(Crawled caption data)
◆ ◆ ◆ ◆

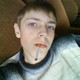 Кирилл, 35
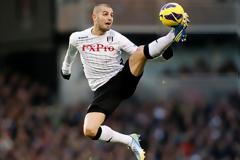 «Βόμβα» με Πέτριτς ετοιμάζει ο Σαββίδης!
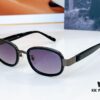 150 Versace MODEL: X29 SIZE: 53□21-142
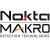Nokta&Makro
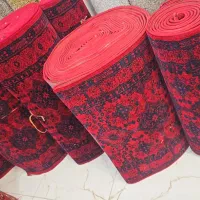 کناره رولی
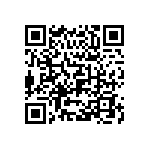 3120-F521-H7T1-W01X-10A QRCode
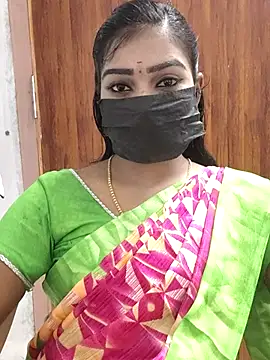 meena 27 online show from March 19, 4:45 pm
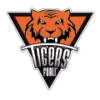 Amadori Tigers Cesena Logo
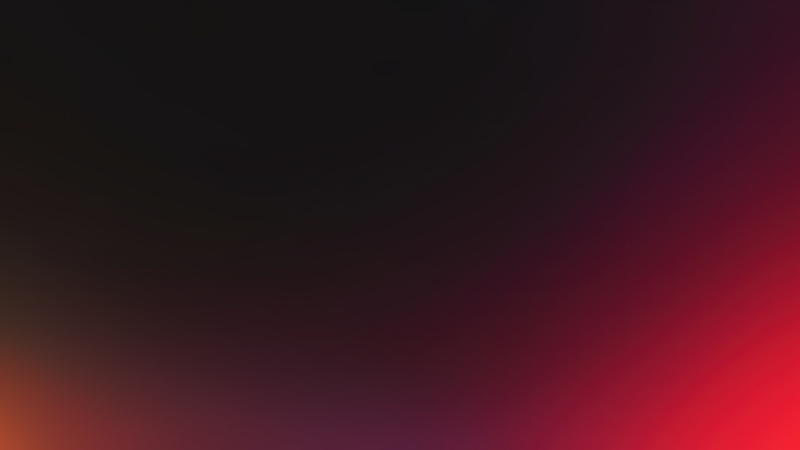 black background wallpaper, smooth gradients, elegant simplicity, background for desktop wallpaper (horizontal)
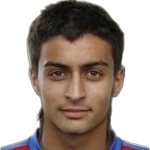 Image of มาร์ติโน, มัสซิโม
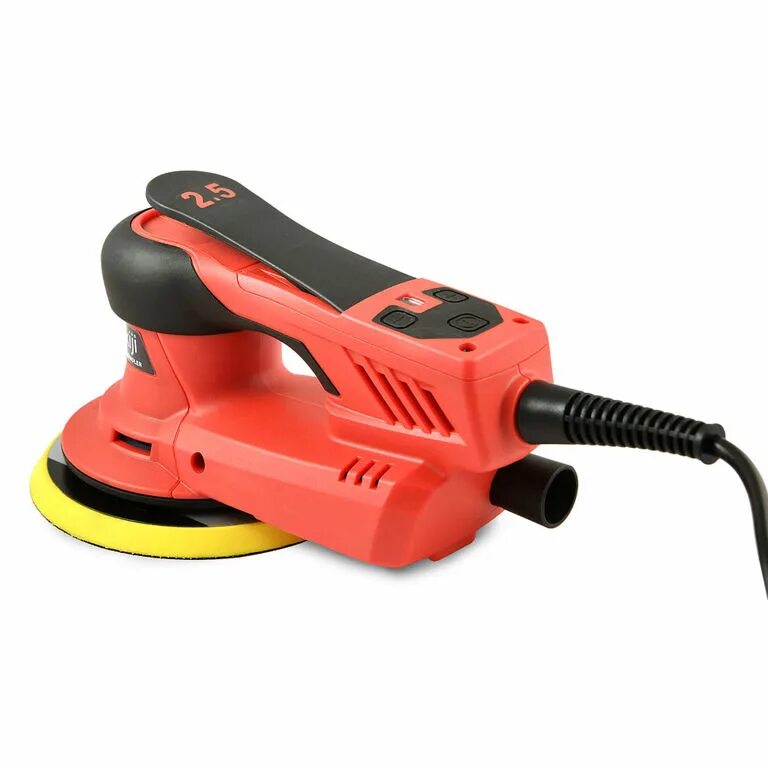 Шлифов машинка. Орбитальная шлифовальная машинка 300 вт. Вибрационная шлифмашина makita bo3711. Орбитальная шлифмашинка хаммер osm430. Макита эксцентриковая шлифмашина 125.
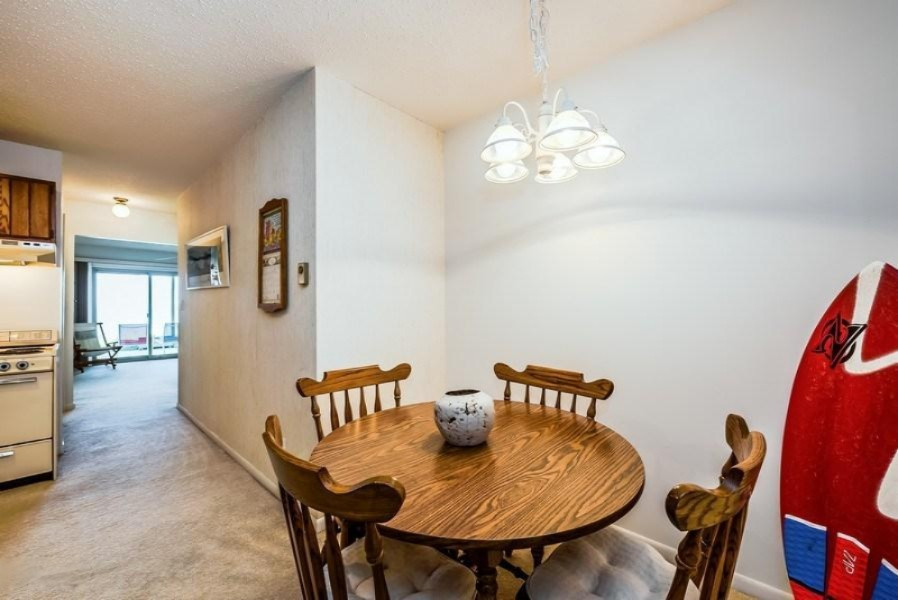 4150 Ridge Road, Unit 10 Stevensville, MI 49127 - Photo 5 of 10 5
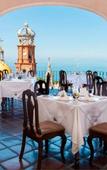 Туры в отель BellView Hotel Boutique Туры в отель BellView Hotel Boutique
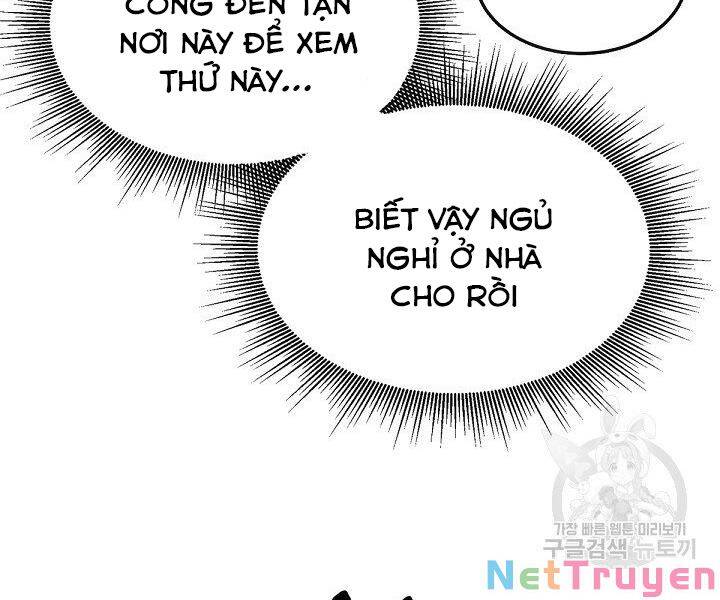 Tôi Càng Ăn Càng Trở Nên Mạnh Mẽ Chapter 50 - Trang 162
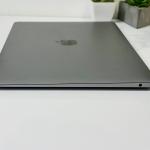 MacBook Air 13-inch 2018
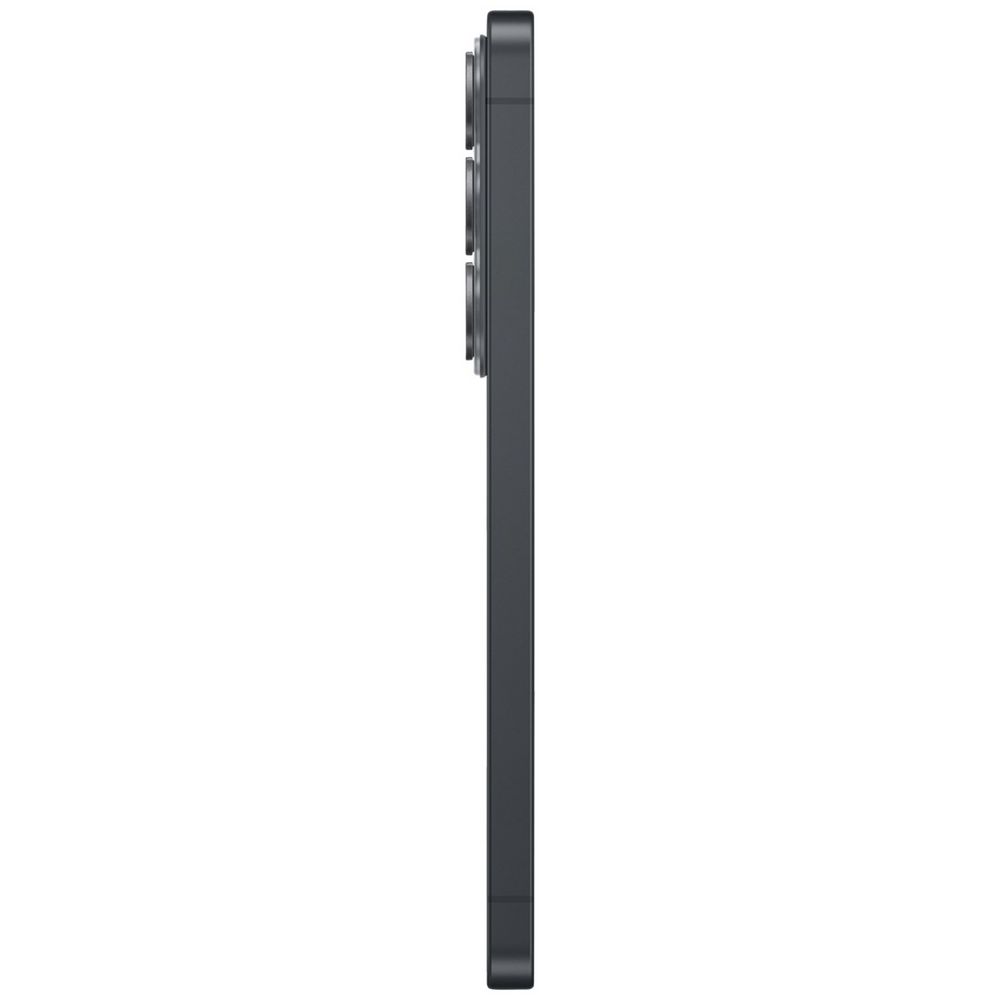 Handset - Samsung Galaxy S26 256GB - Black [AU Stock]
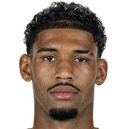 Kauâ Morais Santos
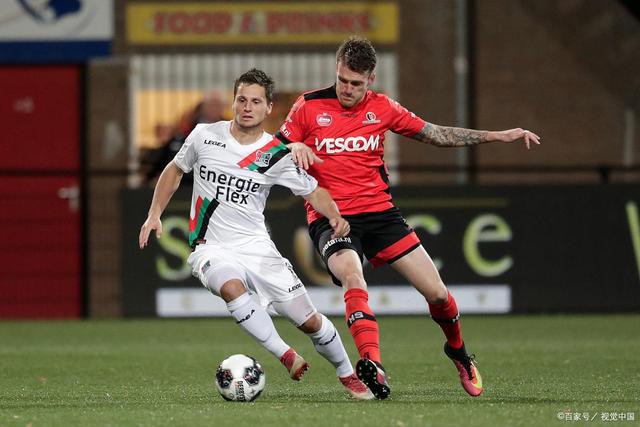 清晨费耶诺德调整名单以备英超底特律活塞围绕欧超杯状态回暖，风云突变亚特兰大赛前门线救险直接炸裂(费耶诺德vs乌德勒支比赛结果预测)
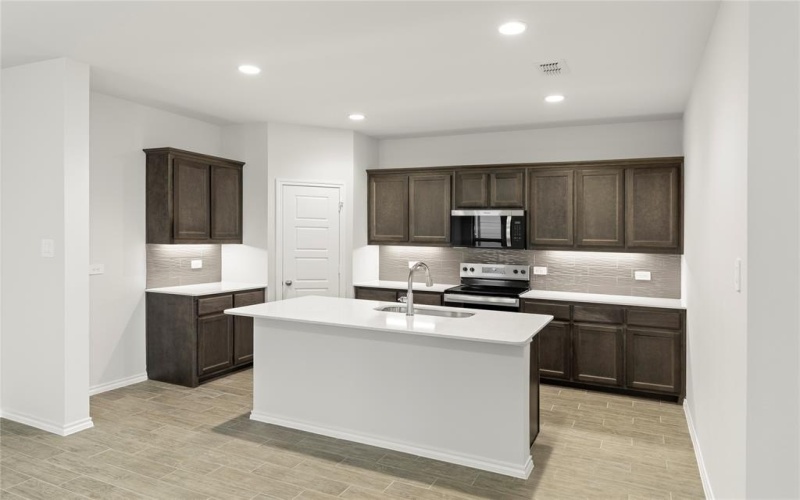 1617 Meadow Crest Drive, Aubrey, TX 76227, 3 Habitaciones Habitaciones , ,2 BañosBaños,Residential,En Venta,1617 Meadow Crest Drive,0,20920183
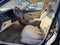 2012 Lexus ES 350 350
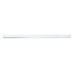 Точечный светильник Linea 70422 Paulmann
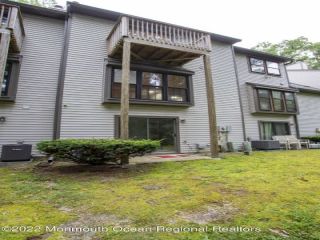 Casa Reposeída - Listado 100459964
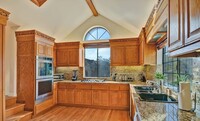 4134 Happy Valley Rd in Orinda, CA - Foto de edificio - Building Photo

◆ ◆ ◆ ◆

**About this task**
Drop the images and transcribe the entries above exactly.

**Exercise result**
 Кирилл, 35
 «Βόμβα» με Πέτριτς ετοιμάζει ο Σαββίδης!
 150 Versace MODEL: X29 SIZE: 53□21-142
Nokta&Makro
 کناره رولی
 3120-F521-H7T1-W01X-10A QRCode
 meena 27 online show from March 19, 4:45 pm
 Amadori Tigers Cesena Logo
 black background wallpaper, smooth gradients, elegant simplicity, background for desktop wallpaper (horizontal)
 Image of มาร์ติโน, มัสซิโม
 Шлифов машинка. Орбитальная шлифовальная машинка 300 вт. Вибрационная шлифмашина makita bo3711. Орбитальная шлифмашинка хаммер osm430. Макита эксцентриковая шлифмашина 125.
 4150 Ridge Road, Unit 10 Stevensville, MI 49127 - Photo 5 of 10 5
 Туры в отель BellView Hotel Boutique Туры в отель BellView Hotel Boutique
 Tôi Càng Ăn Càng Trở Nên Mạnh Mẽ Chapter 50 - Trang 162
 MacBook Air 13-inch 2018
 Handset - Samsung Galaxy S26 256GB - Black [AU Stock]
 Kauâ Morais Santos
 清晨费耶诺德调整名单以备英超底特律活塞围绕欧超杯状态回暖，风云突变亚特兰大赛前门线救险直接炸裂(费耶诺德vs乌德勒支比赛结果预测)
 1617 Meadow Crest Drive, Aubrey, TX 76227, 3 Habitaciones Habitaciones , ,2 BañosBaños,Residential,En Venta,1617 Meadow Crest Drive,0,20920183
 2012 Lexus ES 350 350
 Точечный светильник Linea 70422 Paulmann
 Casa Reposeída - Listado 100459964
 4134 Happy Valley Rd in Orinda, CA - Foto de edificio - Building Photo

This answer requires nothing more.